Task to carry out
The line containing "Christmas Floral Flat Pinch" marks the end: quote every line from the start of the records below through it, word for word.

= Beginning of Section =

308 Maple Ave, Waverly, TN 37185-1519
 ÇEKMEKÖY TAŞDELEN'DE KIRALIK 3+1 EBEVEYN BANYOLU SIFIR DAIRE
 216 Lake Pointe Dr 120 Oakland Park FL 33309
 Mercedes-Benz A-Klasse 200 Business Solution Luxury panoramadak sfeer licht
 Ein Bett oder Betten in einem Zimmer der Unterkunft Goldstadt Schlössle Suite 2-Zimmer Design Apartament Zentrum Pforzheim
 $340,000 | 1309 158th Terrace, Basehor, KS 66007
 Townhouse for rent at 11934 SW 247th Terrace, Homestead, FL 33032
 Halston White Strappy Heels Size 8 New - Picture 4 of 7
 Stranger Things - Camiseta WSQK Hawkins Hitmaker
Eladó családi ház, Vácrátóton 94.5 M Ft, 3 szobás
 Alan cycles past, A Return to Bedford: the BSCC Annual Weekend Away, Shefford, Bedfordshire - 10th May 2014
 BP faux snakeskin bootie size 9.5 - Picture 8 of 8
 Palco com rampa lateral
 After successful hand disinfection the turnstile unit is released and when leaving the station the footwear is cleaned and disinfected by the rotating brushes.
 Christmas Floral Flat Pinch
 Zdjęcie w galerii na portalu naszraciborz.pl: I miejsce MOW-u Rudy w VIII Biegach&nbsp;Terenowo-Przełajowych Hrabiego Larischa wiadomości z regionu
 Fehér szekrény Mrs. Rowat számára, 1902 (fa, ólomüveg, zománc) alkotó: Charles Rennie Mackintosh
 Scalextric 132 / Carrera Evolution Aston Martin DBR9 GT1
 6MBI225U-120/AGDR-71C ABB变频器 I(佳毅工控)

= End of Section =

Finished task
308 Maple Ave, Waverly, TN 37185-1519
 ÇEKMEKÖY TAŞDELEN'DE KIRALIK 3+1 EBEVEYN BANYOLU SIFIR DAIRE
 216 Lake Pointe Dr 120 Oakland Park FL 33309
 Mercedes-Benz A-Klasse 200 Business Solution Luxury panoramadak sfeer licht
 Ein Bett oder Betten in einem Zimmer der Unterkunft Goldstadt Schlössle Suite 2-Zimmer Design Apartament Zentrum Pforzheim
 $340,000 | 1309 158th Terrace, Basehor, KS 66007
 Townhouse for rent at 11934 SW 247th Terrace, Homestead, FL 33032
 Halston White Strappy Heels Size 8 New - Picture 4 of 7
 Stranger Things - Camiseta WSQK Hawkins Hitmaker
Eladó családi ház, Vácrátóton 94.5 M Ft, 3 szobás
 Alan cycles past, A Return to Bedford: the BSCC Annual Weekend Away, Shefford, Bedfordshire - 10th May 2014
 BP faux snakeskin bootie size 9.5 - Picture 8 of 8
 Palco com rampa lateral
 After successful hand disinfection the turnstile unit is released and when leaving the station the footwear is cleaned and disinfected by the rotating brushes.
 Christmas Floral Flat Pinch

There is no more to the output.